* _Exercise instructions_
From the material below, retype exactly the lines that begin at the line with "a person riding" and end after the line with "May 16, 1989, then"; pictures stay out of the copy.

--- Data for this exercise ---

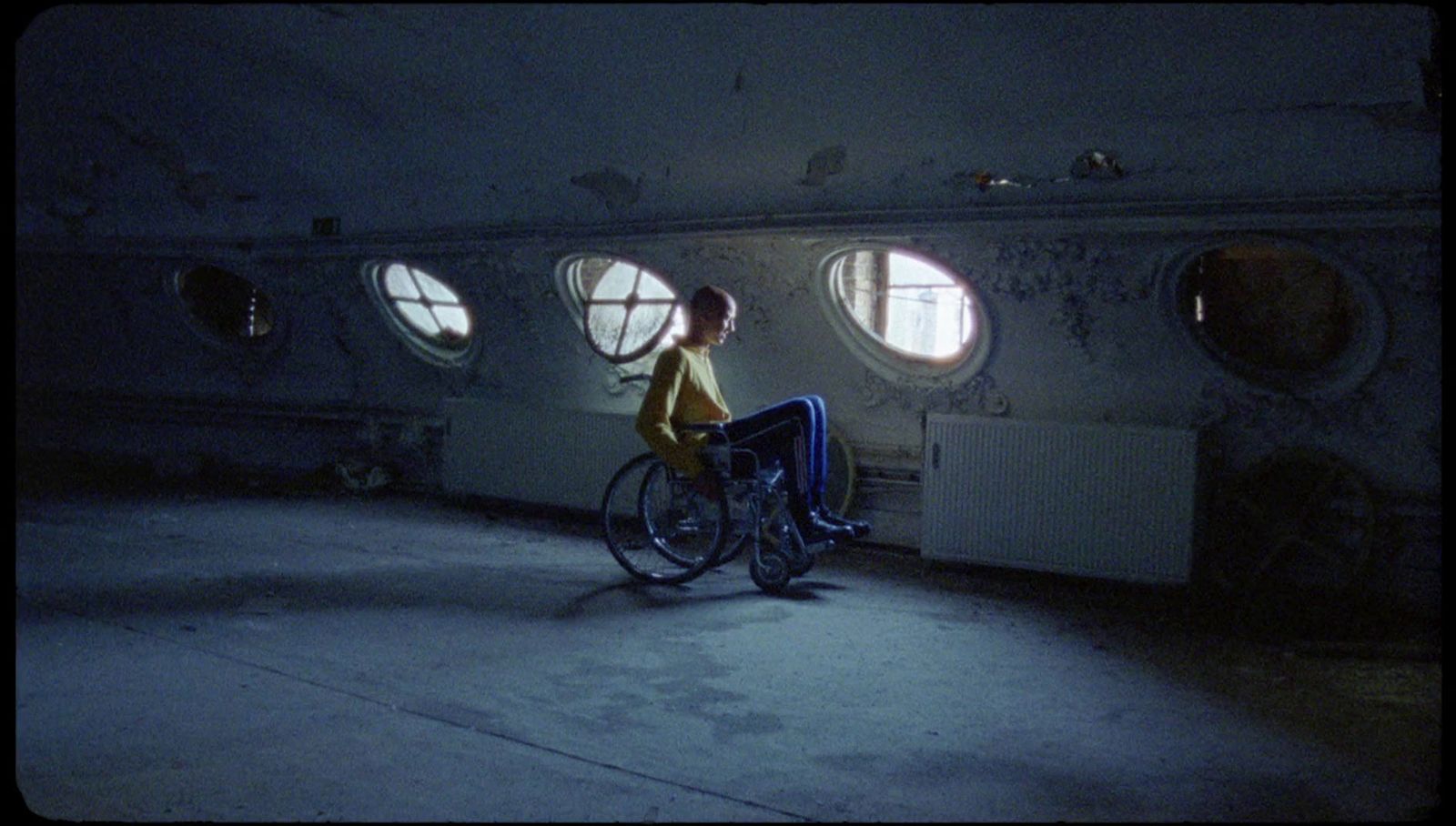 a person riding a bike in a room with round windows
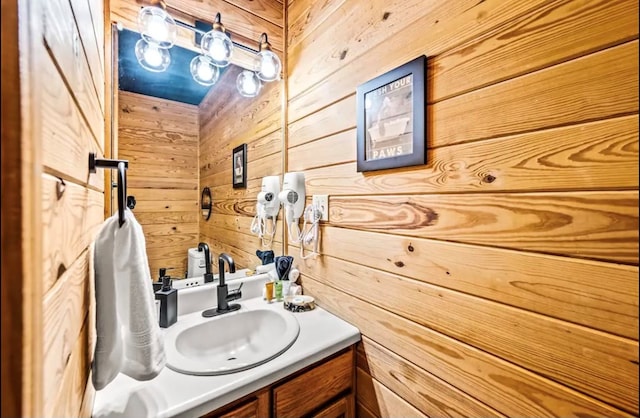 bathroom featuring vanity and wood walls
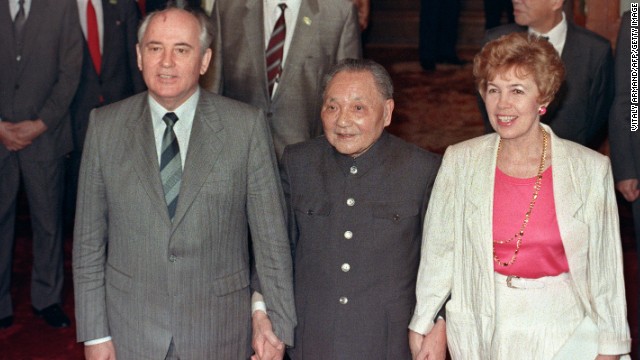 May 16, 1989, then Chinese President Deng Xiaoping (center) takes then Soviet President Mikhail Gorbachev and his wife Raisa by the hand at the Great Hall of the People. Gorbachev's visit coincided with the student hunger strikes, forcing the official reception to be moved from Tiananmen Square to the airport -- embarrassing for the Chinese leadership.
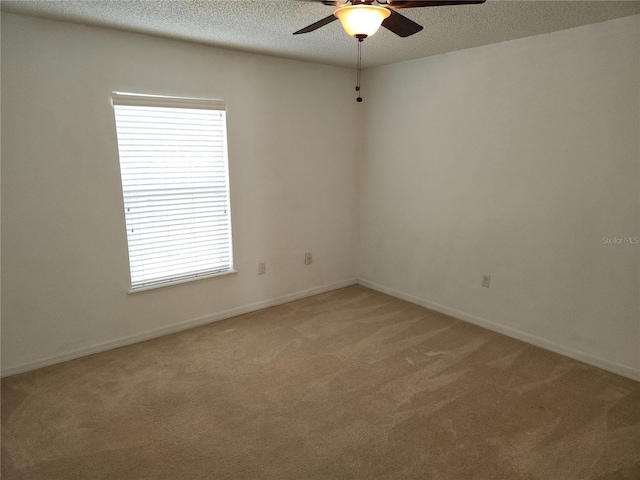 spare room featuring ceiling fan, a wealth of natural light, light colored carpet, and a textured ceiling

---
--- Data for this exercise ---

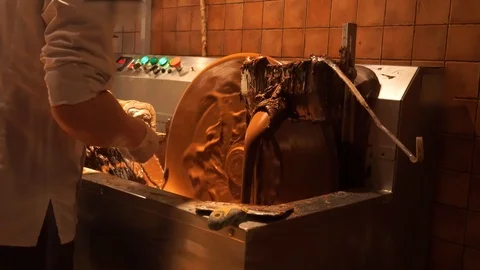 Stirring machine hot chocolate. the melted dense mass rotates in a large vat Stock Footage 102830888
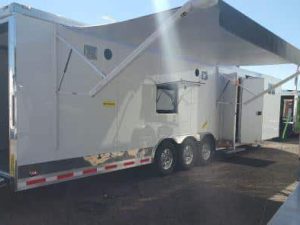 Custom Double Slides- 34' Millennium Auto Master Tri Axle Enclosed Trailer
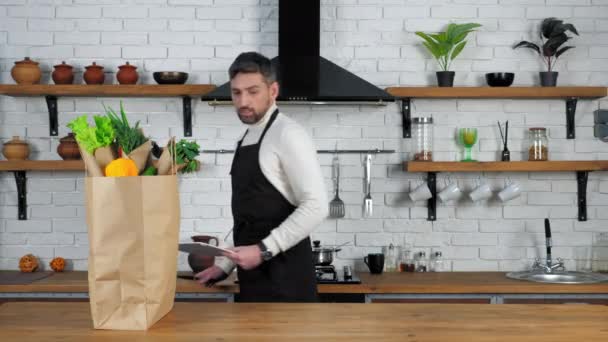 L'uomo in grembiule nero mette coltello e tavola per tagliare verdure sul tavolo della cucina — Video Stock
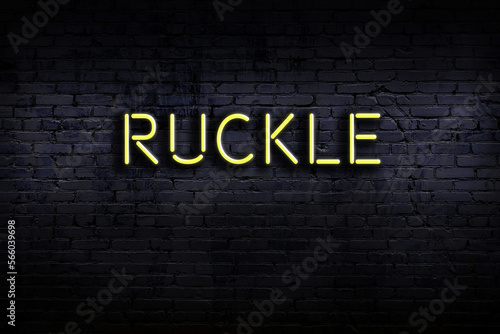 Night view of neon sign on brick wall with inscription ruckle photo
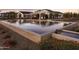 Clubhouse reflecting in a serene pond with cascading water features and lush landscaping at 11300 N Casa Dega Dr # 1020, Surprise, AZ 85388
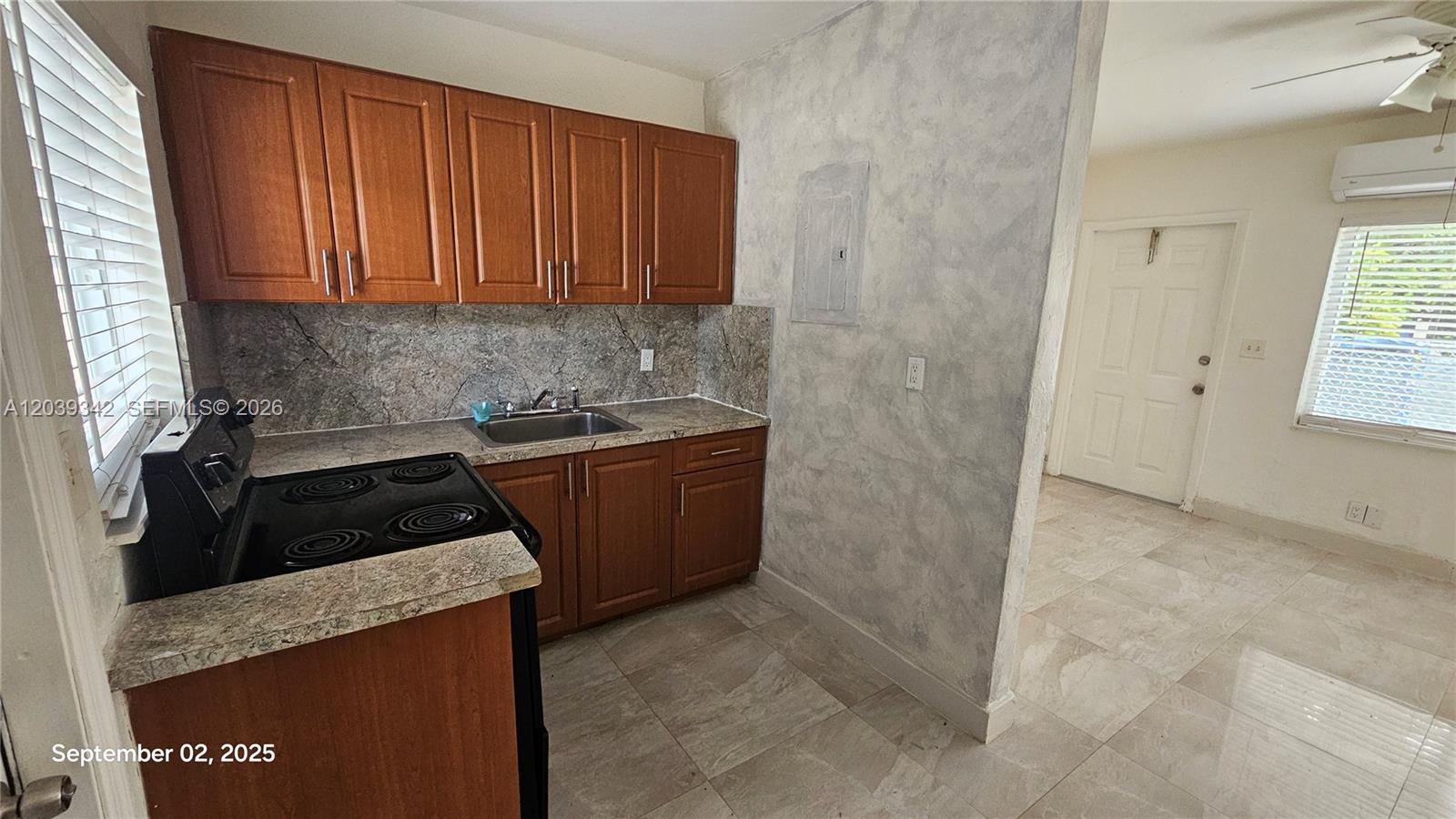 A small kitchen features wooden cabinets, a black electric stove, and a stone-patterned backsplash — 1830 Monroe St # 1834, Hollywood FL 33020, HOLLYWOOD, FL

---
--- Data for this exercise ---

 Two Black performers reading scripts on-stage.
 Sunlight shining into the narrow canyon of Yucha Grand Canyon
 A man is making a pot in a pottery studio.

---

* _Exercise answer_
 a person riding a bike in a room with round windows
 bathroom featuring vanity and wood walls
 May 16, 1989, then Chinese President Deng Xiaoping (center) takes then Soviet President Mikhail Gorbachev and his wife Raisa by the hand at the Great Hall of the People. Gorbachev's visit coincided with the student hunger strikes, forcing the official reception to be moved from Tiananmen Square to the airport -- embarrassing for the Chinese leadership.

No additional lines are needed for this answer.